As Disney Catches Fox, What’s Next for Comcast?

Comcast chairman Brian Roberts turned heads in 2004, when his cable company launched an unsolicited $54 billion bid for the Walt Disney Co. Today, Roberts no doubt had mixed feelings watching Disney, once Comcast’s prey, scoop up key assets of 21st Century Fox that Comcast itself had pursued.

“When a set of assets like Fox’s becomes available, it is our responsibility to evaluate if there is a strategic fit that could benefit our company and our shareholders,” Comcast said in a statement earlier this week. “That is what we tried to do and we are no longer engaged in the review of those assets. We never got the level of engagement needed to make a definitive offer.” A Comcast spokesman did not respond to a query seeking further comment.

While Comcast’s ultimate interest in Fox is a matter for debate, there is little question that the company has found it difficult since acquiring a controlling stake in NBCUniversal in 2011 to do another transformative deal.
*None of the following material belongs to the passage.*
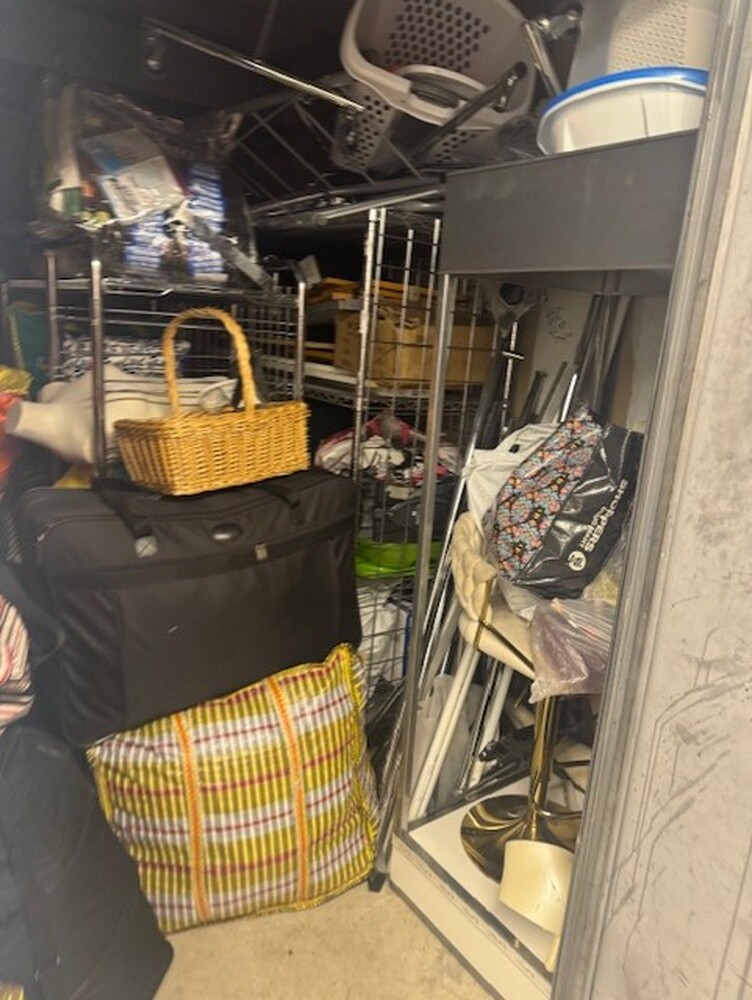 3014 - StorageMart Trethewey Dr Toronto  auction IB-2194 10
In 2014, for example, Comcast made a bid valued at the time to be around $45.2 billion for Time Warner Cable — like Comcast, one of the nation’s biggest cable providers. But the company had to abandon it after the Justice Department said little more than a year later that it would file an antitrust lawsuit to block the transaction because Comcast would have too strong of a grip on the nation’s broadband market.

To be sure, Comcast is fine on its own. The company pulled in more than $80 billion in revenue last year, a 7.9% jump over what it collected in 2016. Since acquiring a hobbled NBC broadcast network and a clutch of cable channels, Comcast has elevated NBCU’s investment in content and gained ground on both advertising prices and the fees it collects from distributors. On the cable side, Comcast has focused in recent months on new home services it can deliver, like smart-home technology, its X1 user interface, or on-demand content viewing. All the while, however, it has been forced to deal with subscribers who are leaving its service in favor of cheaper, standalone program-delivery options.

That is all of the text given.